# Task statement
Print, exactly as written, the line in the entries below that contains "The Wisdom of" and every line after it up to and including the last. Omit pictures.

Pictures with short captions:
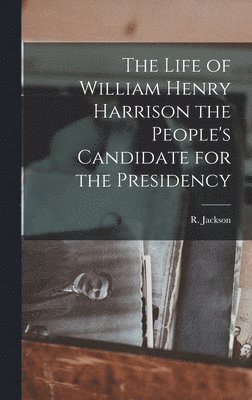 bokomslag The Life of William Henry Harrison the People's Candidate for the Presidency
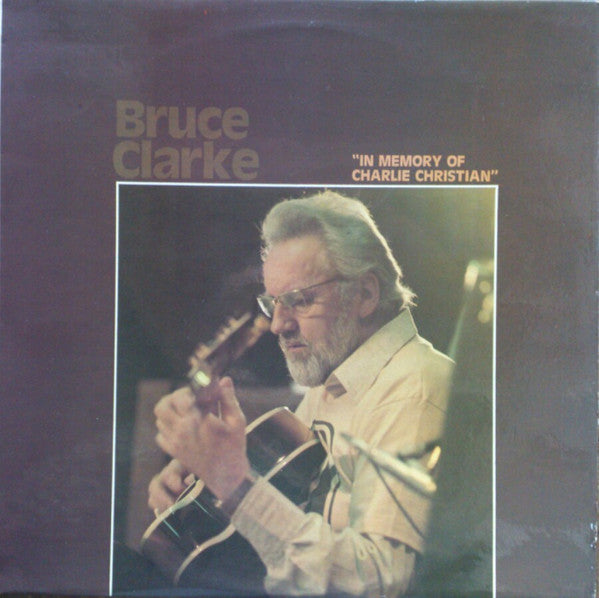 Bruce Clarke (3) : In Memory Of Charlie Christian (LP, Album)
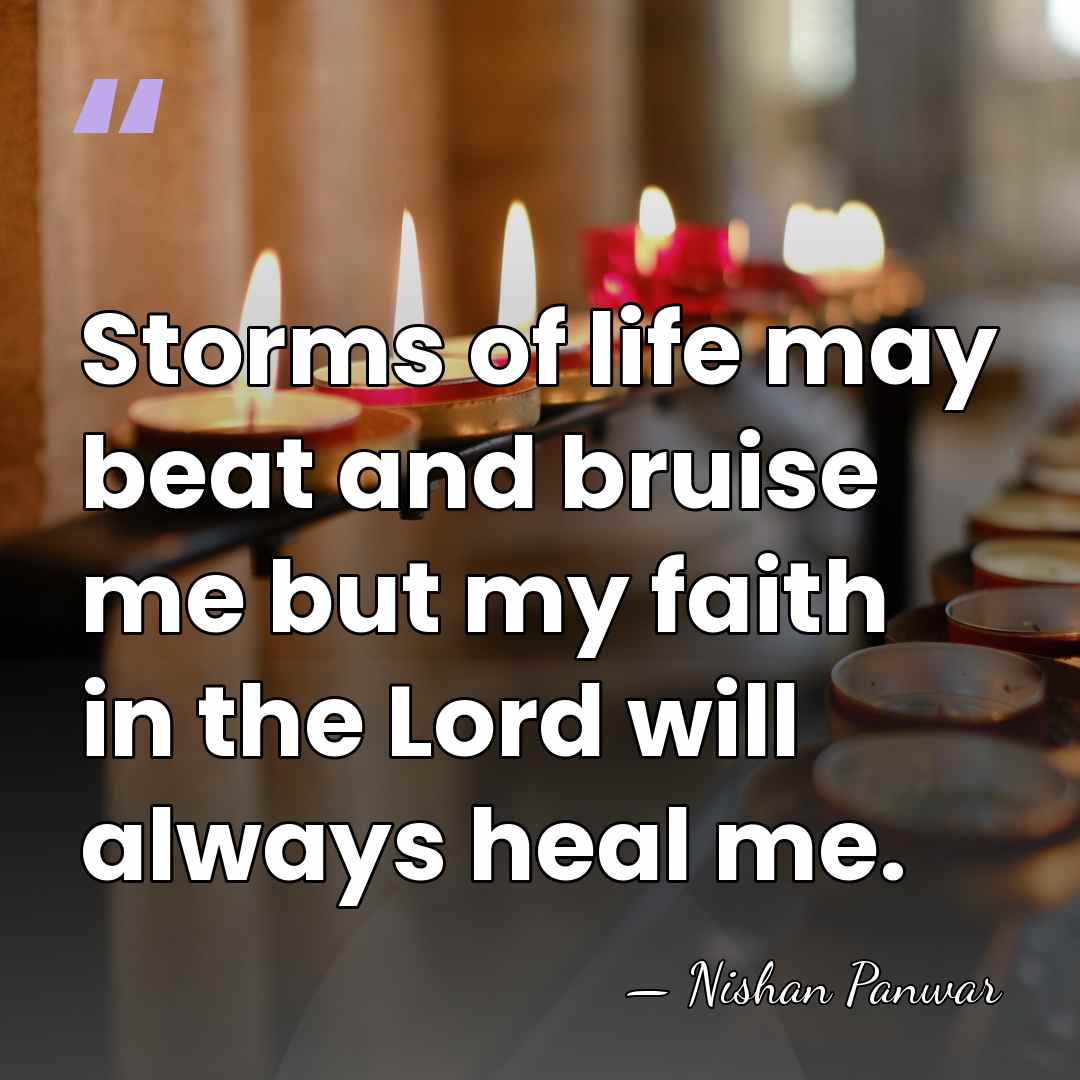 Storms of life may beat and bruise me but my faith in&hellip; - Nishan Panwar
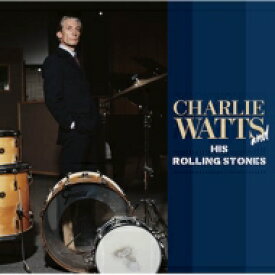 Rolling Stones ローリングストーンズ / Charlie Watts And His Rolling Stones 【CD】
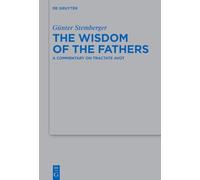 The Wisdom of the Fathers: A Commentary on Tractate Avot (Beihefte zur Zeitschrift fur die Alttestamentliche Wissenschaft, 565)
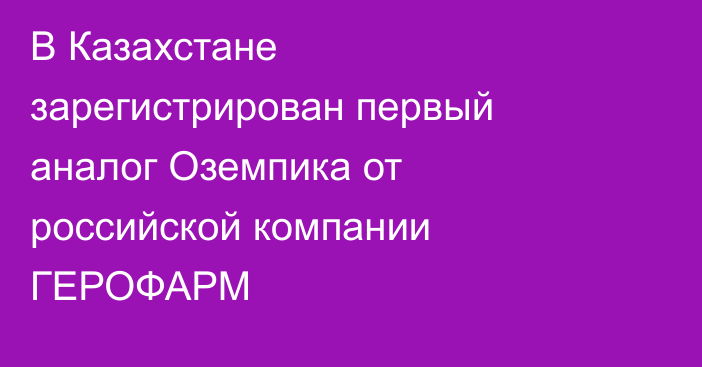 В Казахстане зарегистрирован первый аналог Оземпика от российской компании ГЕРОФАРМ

# Task result
 The Wisdom of the Fathers: A Commentary on Tractate Avot (Beihefte zur Zeitschrift fur die Alttestamentliche Wissenschaft, 565)
 В Казахстане зарегистрирован первый аналог Оземпика от российской компании ГЕРОФАРМ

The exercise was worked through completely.